A sistemática violação a direitos, descrita em documentos e fotos, inclui retenção de cartões de benefícios sociais e uma rede de dívidas contraídas por quem vai às cidades mais próximas dos territórios tradicionais para acessar o Bolsa Família.

O procurador Merloto enviou um relatório antropológico concluído em abril de 2022, a cargo do MPF, e um conjunto de fotos, validadas por lideranças indígenas da região, à subsecretária-geral da ONU Alice Wairimu Nderitu, assessora especial para prevenção de genocídio.

Merloto apontou um “quadro de desumanização” dos indígenas, diretamente associado à “absoluta omissão de autoridades públicas”. Assim, nada é feito para a prevenção de um genocídio, conforme o procurador.

Além de crianças desnutridas, há imagens de abandono em cidades no sudoeste do Amazonas, como Ipixuna, Eirunepé e Envira; corpos de indígenas com sinais de agressão e violência; e espera por atendimento em saúde.

Os madihas kulinas estão em dez terras indígenas, especialmente no médio rio Juruá (AM), e no alto rio Purus (AC).

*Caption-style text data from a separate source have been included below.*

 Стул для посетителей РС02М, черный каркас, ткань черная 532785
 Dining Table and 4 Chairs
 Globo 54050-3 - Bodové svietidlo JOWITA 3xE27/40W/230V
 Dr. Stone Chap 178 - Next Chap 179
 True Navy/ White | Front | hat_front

Eles também estão no Peru. As informações são do banco de dados elaborado pelo ISA (Instituto Socioambiental), que aponta a presença de 7.200 indígenas nesses territórios no Brasil. A violação de direitos básicos inclui outras etnias, segundo o MPF.

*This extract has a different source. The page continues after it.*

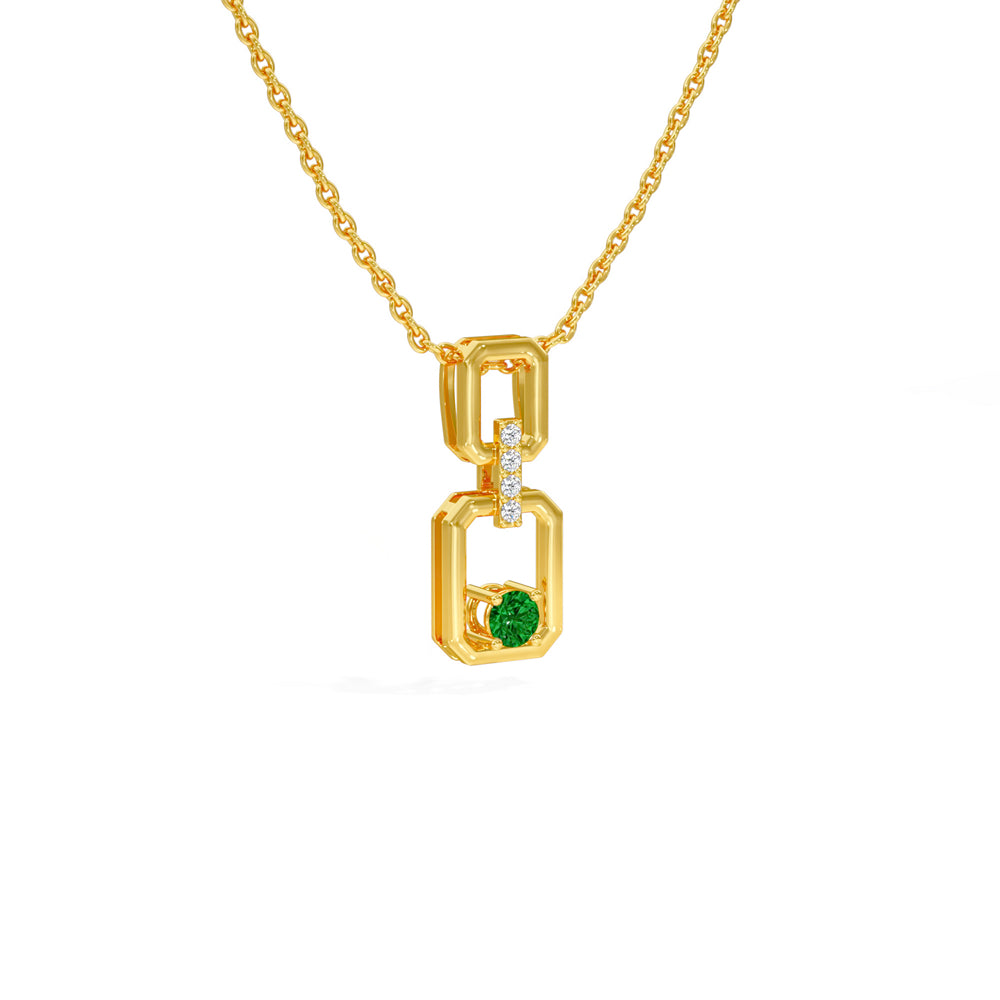 #metal_gold-plated#stone-colour_emerald-green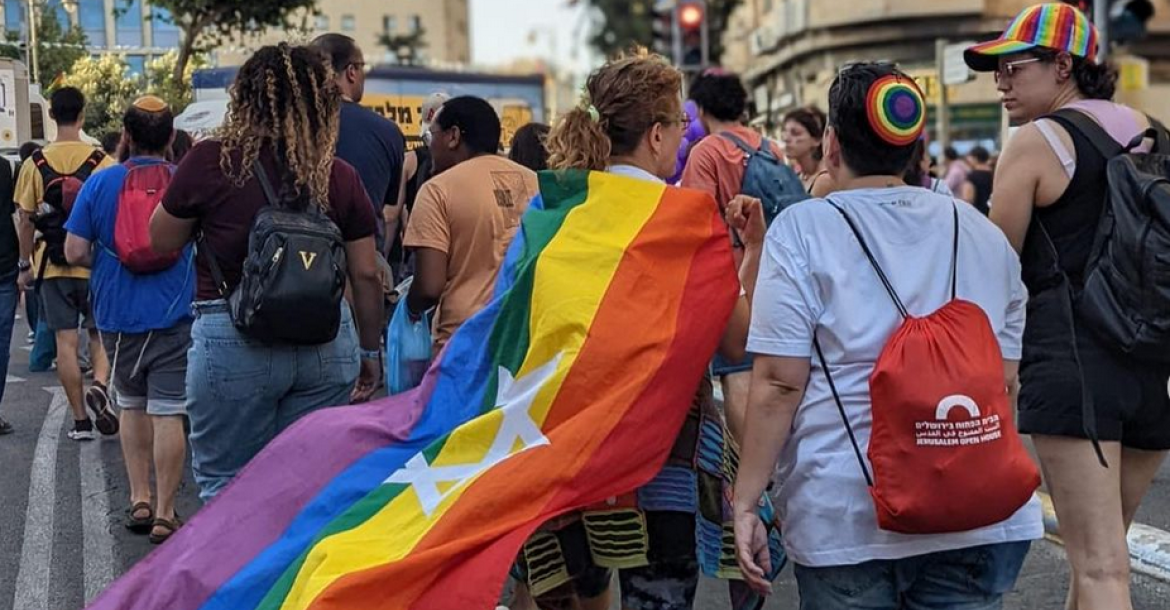 Jerusalem Pride // Nuotr. @israelinthailand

Após a publicação da reportagem, o MPI anunciou a criação de um grupo de trabalho para ações de socorro aos indígenas.

Integrantes do ministério estiveram na região entre 22 e 26 de agosto. “Diante da situação de alta vulnerabilidade identificada entre os povos da calha do rio Juruá, decidiu-se pela instalação de um grupo de trabalho para tratar das necessidades identificadas”, disse a pasta na ocasião, em nota.

Desde a visita, nada foi feito, conforme citado em ofício do MPF enviado a integrantes do governo federal. “Os madihas informaram que nada foi feito desde a visita do MPI e Funai em agosto de 2023.” As ações precisam ser emergenciais, e há grave vulnerabilidade dos indígenas, afirmou a Procuradoria.

Os índices de suicídios nas aldeias, um problema persistente, relatado em diferentes laudos antropológicos e de saúde indígena nos últimos anos, vêm se mantendo elevados, conforme relatos de madihas kulinas a lideranças nos primeiros dias do ano.

Segundo esses relatos, houve cinco suicídios recentes em duas aldeias, sendo duas adolescentes de 14 anos. Um terceiro caso envolve uma jovem de 20 anos, que deixou filhos, conforme os relatos feitos a lideranças.

É comum o preconceito aos madihas kulinas nas cidades, a dependência ao álcool e o abandono durante a permanência nos municípios para o acesso a benefícios sociais.

As comunidades estão distantes da cidade, e o acesso se dá por água, em percursos que podem levar dias. Nos territórios, aldeias são abandonadas diante do elevado número de mortes de indígenas, afirmam lideranças.

Entre 2011 e 2016, houve registro de 34 casos de suicídio entre madihas, conforme dados de saúde indígena referentes à área de abrangência de três cidades.

A taxa de mortalidade por suicídio, levando em conta os dados do DSEI (Distrito Sanitário Especial Indígena) que atende a região, é uma das mais elevadas de 2012 a 2021, na comparação com outros distritos.

Os indígenas tiveram uma “drástica redução demográfica”, em razão da exploração em condições de escravidão em ciclos pretéritos da borracha, e houve uma grande dispersão de grupos familiares em processos de fuga dessa exploração, segundo o relatório enviado à ONU.